A pilot investigation of Quest Institute Cognitive Hypnotherapy services using Improving Access to Psychological Therapies as the benchmarkAndrews, William Peter; Parsons, Andrew Alexander; Rawle, Heather; Gibbs, Julie
2015 Mental Health Review Journal
doi: 10.1108/MHRJ-08-2014-0030
Purpose– The purpose of this paper is to investigate the treatment effects of Quest cognitive hypnotherapy (QCH) on anxiety and depression, and make comparisons with published data from the Improving Access to Psychological Therapies (IAPT) project. Design/methodology/approach– Adult clients of QCH therapists were invited to enrol in a Practice Research Network (PRN) and completed pre- and post-therapy measures of anxiety (GAD-7) and depression (PHQ-9). Findings– Post-treatment scores were available for 83 of the 106 clients reaching caseness (above the clinical cut-off on either or both measures) on their pre-treatment scores.
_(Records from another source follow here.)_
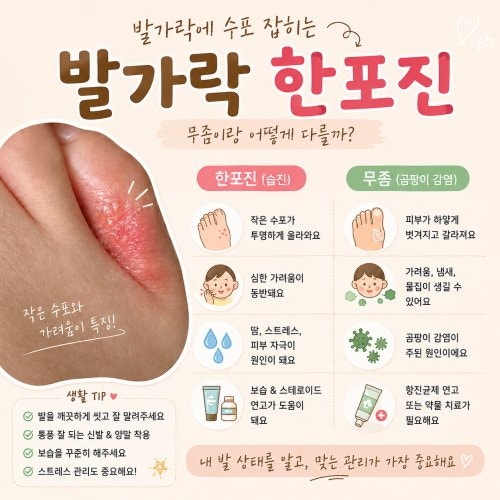 발가락에 수포 잡히는 한포진, 무좀이랑 어떻게 다를까?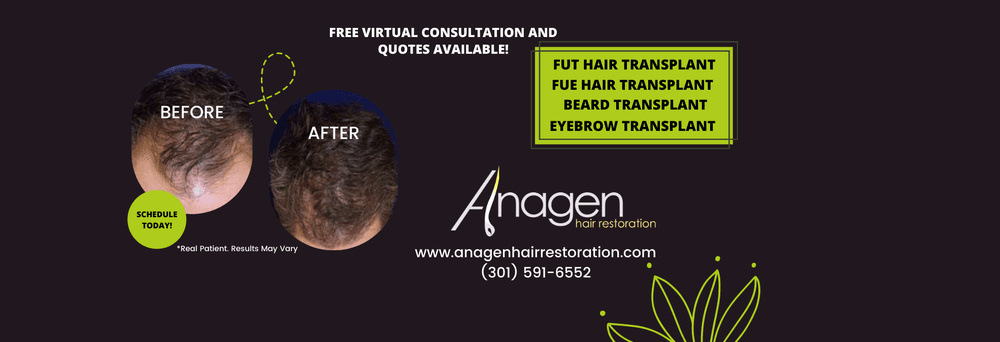 Anagen Hair Restoration - hair transplant in Silver Spring, MD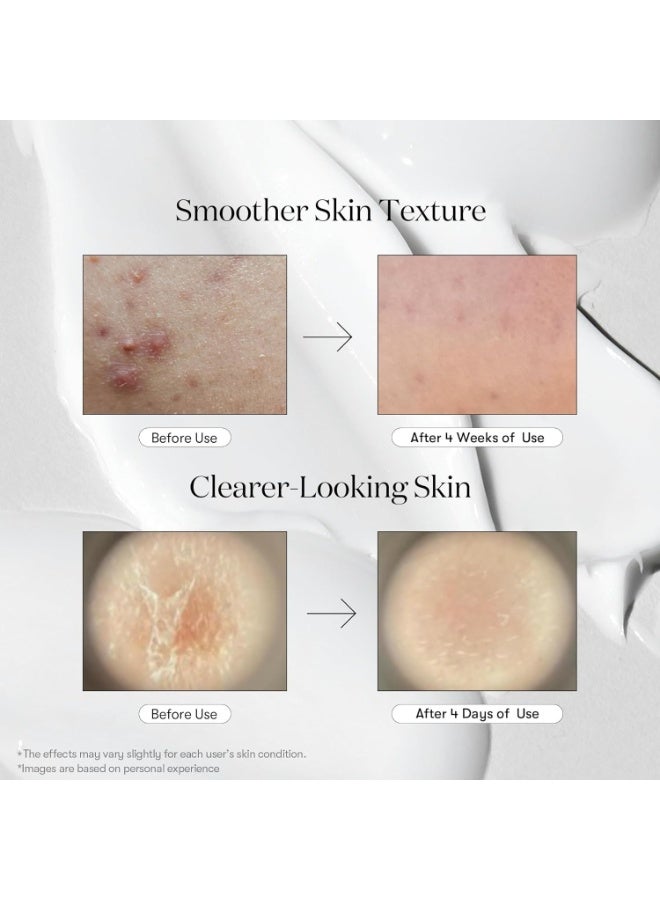 في تي كوزمتيكس كريم العناية بالبشرة ريدل شوت من في تي كوزماتيكس - Image 3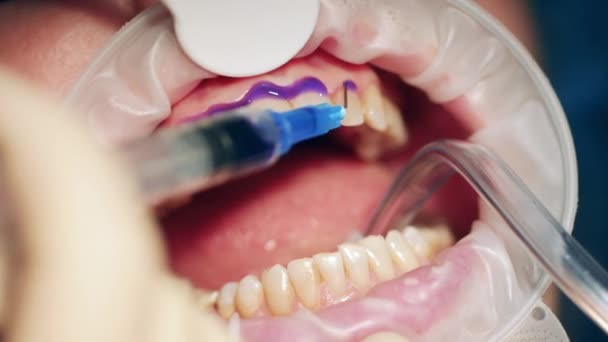 Zbliżenie leku stomatologicznego nakładanego na zęby pacjenta — Wideo stockowe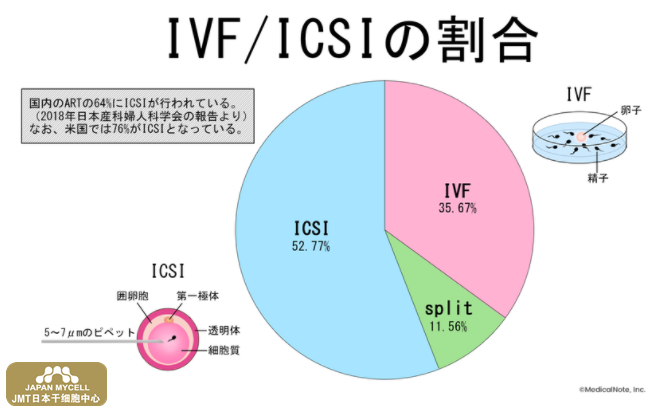 JMT日本干细胞中心-显微授精（ICSI）治疗不孕不育有哪些优势和风险？
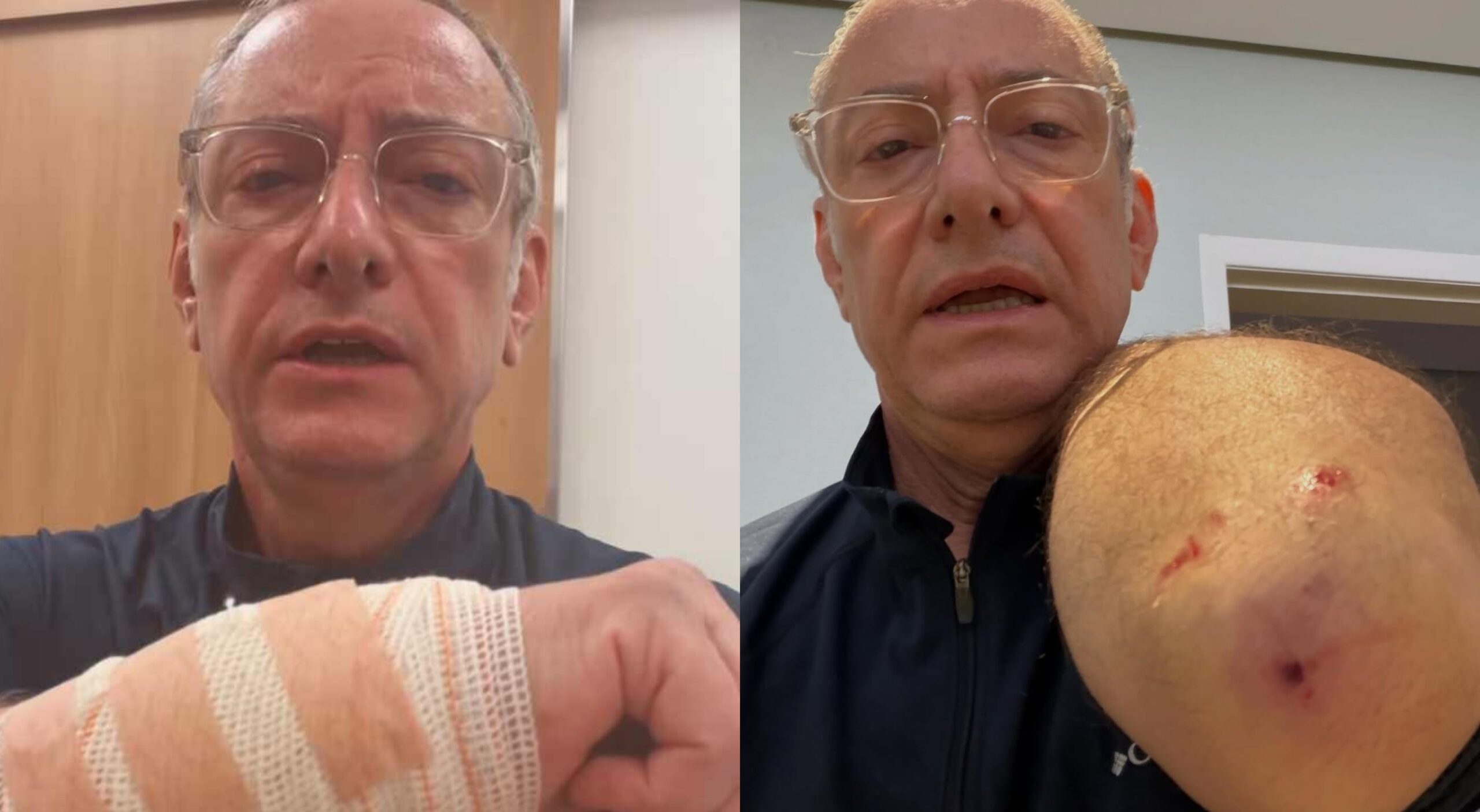 Âncora da Globo é atacado por pitbull durante passeio em SP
Totally, 59 clients had moved to recovery, representing 71 per cent of cases where post scores were available and 56 per cent of the intent to treat (ITT) population (106 clients). Additionally, including all cases (both above and below cut-offs) 118 clients had post-treatment measures. In total, 86 (73 per cent) clients improved reliably. The mean number of treatment sessions was between three and four. This compares favourably with 2012-2013 IAPT findings using the same measures. Research limitations/implications– This study was exploratory involving a client group paying privately for treatment. There was no randomised control group or attempt to evaluate the effectiveness of specific components of therapy. Practical implications– QCH may offer a brief effective treatment for clients with clinically significant levels of anxiety and/or depression, widening client choice. Originality/value– As the first study to explore the effectiveness of private QCH this study offers an example of how to use a PRN to compare with published IAPT data using the same measurement tools.